I got the feeling while visiting Detroit it may be today’s answer to dystopian gentrified monotony. If all the Detroit players have the heart to make it so…I think they do…I hope they do…It will continue to rise up from the ashes as a phoenix, only in the case of Wasserman Projects (a local art gallery), a Cosmopolitan Chicken. I shall explain…

As everyone knows, for a brief shining moment Detroit was a grand place. It was a mecca for manufacturing automobiles. Then one day because of corruption and greed, there was a conflagration of economic, and racial ferocity which laid the great city low. Detroit became a ghost town for a while. If you had a bit of cash in your pockets, you could buy a beautiful Art Deco tower for practically nothing…

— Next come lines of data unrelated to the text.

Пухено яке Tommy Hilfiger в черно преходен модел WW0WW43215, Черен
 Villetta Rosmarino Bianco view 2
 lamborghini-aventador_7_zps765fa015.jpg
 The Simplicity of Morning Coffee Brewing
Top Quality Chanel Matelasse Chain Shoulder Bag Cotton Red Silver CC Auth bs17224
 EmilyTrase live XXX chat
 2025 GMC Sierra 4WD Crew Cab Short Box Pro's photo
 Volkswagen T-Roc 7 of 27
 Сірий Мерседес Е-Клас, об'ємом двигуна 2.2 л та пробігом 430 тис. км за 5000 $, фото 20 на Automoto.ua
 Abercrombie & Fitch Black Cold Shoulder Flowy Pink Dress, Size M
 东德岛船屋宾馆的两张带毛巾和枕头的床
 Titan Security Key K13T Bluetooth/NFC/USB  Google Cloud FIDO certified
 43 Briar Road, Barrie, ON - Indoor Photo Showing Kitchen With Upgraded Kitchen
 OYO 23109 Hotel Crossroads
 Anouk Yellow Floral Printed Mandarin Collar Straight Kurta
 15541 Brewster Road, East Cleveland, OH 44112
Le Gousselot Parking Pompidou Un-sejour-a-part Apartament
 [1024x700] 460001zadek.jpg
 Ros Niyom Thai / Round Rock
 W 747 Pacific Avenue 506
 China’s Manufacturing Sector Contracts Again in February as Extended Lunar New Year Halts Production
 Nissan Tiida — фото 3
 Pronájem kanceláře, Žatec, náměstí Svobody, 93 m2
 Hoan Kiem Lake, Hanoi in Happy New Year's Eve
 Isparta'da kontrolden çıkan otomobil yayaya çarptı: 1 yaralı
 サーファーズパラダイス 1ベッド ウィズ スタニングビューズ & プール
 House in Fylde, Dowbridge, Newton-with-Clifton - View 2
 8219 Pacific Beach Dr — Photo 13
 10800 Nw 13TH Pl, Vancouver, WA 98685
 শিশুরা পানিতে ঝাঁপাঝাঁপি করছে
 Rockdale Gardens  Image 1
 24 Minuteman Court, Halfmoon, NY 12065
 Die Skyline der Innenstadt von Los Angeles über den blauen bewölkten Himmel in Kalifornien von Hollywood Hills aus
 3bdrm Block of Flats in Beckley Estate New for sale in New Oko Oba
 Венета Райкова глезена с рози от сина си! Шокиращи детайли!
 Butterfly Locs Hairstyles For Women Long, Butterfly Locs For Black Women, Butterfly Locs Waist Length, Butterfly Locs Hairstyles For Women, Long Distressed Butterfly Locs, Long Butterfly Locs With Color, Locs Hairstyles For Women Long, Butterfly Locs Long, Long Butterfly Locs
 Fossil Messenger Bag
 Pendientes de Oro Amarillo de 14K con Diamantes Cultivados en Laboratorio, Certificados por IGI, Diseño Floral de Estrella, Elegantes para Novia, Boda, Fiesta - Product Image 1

Now, the thing about a ghost town is, the occupants who aren’t ghosts have strong feelings about who the city belongs to and how it grows and changes…It takes a certain amount of true love and acquiescence to cultivate something greater than what was, mixing new possibilities with old fundamental foundations and values.

In the past few years, Detroit has begun to plant new more unique seeds making flowers bloom in the cracks of broken sidewalks. For instance, at Eastern Market, the oldest produce and meat market in the country, during the week the market sells foodstuff’s and on the weekend’s fabulous food trucks and creative artisans sell their wares, while colorful bikes with trails of light’s park on the sidewalk in the sultry streetlamp darkness of the evening.

Detroit may be today’s answer to dystopian gentrified monotony.

Gary Wasserman, a native Detroiter who grew up in the steel business returned after many years away, having tried to be part of a kind of resurgence, failing and returning again, then making a decision to give himself over to his roots. He is an art collector and music enthusiast and through circuitous routes founded a striking gallery at a former firehouse close to Eastern Market. Wasserman is very much the soul of a movement of people enlightening the quality of life in the city and whose influence count for something special; like ground-breaking farmers at Oakland Avenue Urban Farm, Billy and wife Jerry Hebron, who plant everything from kale to Japanese squash and sell their sweet, fresh produce at the market, also supplying local businesses with the most excellent quality fruits and vegetables I have ever seen. The kale is about 3 feet tall and such a deep hearty green I just wanted to grab a bunch.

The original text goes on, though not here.